After a beta period of several months, software company Adobe has released a version of its Photoshop image editing software that runs natively on M1 Macs, such as the late 2020 models of the MacBook Air, Mac mini and 13-inch MacBook Pro.
In a blog post announcing the release, Adobe’s Pam Clark claims Photoshop will now run “significantly” faster on M1 Macs. Here’s an excerpt:
Our in-house testing reveals a wide range of features that are on average 1.5 times faster than comparable previous generation configured systems. Our tests covered a wide range of activities, including opening and saving files, running filters, and compute-intensive operations like Content-Aware Fill and Select Subject, all of which feel noticeably faster. Our early benchmarking also shows that some operations are significantly faster with the new chip.
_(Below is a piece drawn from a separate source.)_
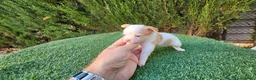 Chihuahua perros en venta: Chihuahuas mini  - Anuncio 3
Of course, Adobe says it plans to continue to optimize and improve the Apple Silicon version of Photoshop. The blog post lists some features that didn’t make it through this initial public release for the architecture: “Invite to Edit Cloud Documents” and “Present Syncing”. There are a few others that aren’t mentioned in the post, but the post points out that they’re mostly features that were only recently added to other Photoshop builds.
The announcement about M1/Apple Silicon support was accompanied by the introduction of an all-new feature that: is however, available on this platform: the Camera Raw plugin gets “Super Resolution”, which is basically a machine-learning-driven version of the oft-derided “enhance!” functionality appear in TV crime trials and sci-fi movies. Super Resolution is trained on a large data set and tries to double both the vertical and horizontal resolution of an image. It improves on similar features that were already available in Photoshop, but had more limitations.
(On a related note, Adobe also says it has added two new features to Photoshop for iPad: “Cloud Documents Version History” and “Make Cloud Documents Available Offline.”)
Adobe had already brought its Lightroom photo editing and management application to Macs running on Apple’s new chips, and it’s working on others as well.
All in all, this has been a relatively eventful week for M1 software support. Microsoft’s Visual Studio Code first received a generally available M1 version a few days ago, and we’ve also seen Apple roll out Silicon-native versions of CorelDRAW, Octane X, DaVinci Resolve, and 1Password this week.